Sunday, September 26, 2010

Beetroot 2: how much water goes on?

The beetroot were cooked up in a spicy sauce and served on top of rice for the 300 or so lunches that the kitchen serves up every day (meat is too expensive, so the children live largely on bread and rice topped with a vegetable-based sauce). It tasted good, but our question is how well was it grown? How much water and nutrients did it take to grow? Could we grow much more beetroot with the same inputs?

The irrigation system was fitted with a tap timer, and there were small taps at the head of each drip line. So each drip line could be individually turned on and off. Theoretically we should know how long each drip line was run for and hence the application of water to the beetroot. Then we could look up the potential evapotranspiration for Maputo, make adjustments for the size of the crop, and we should be able to answer the question above - at least as far as water goes.
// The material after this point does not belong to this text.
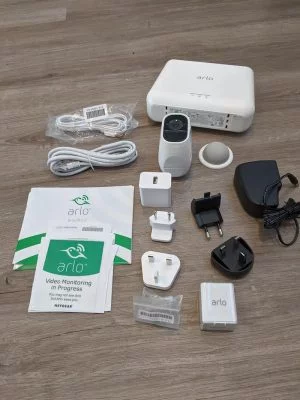 Arlo 1 | Android-User.de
In practice it’s not that easy. First, no one keeps good enough records of the on/off times of the taps. Second, the application rate of the drippers was not constant. Although rated at 1.0 L per emitter per hour, we were running the system at lower than recommended pressure, and the more lines open the more the pressure fell. Actual application rates varied between 0.5 and 0.7 L/h

We rigged up a simple flow meter as in the picture below, with graduation marked on the bottle. We checked the uniformity of 20 drippers down the line, and compared this to the dripper we collected from. The system was uniform. So that solved the first question – how much water went on to the crop.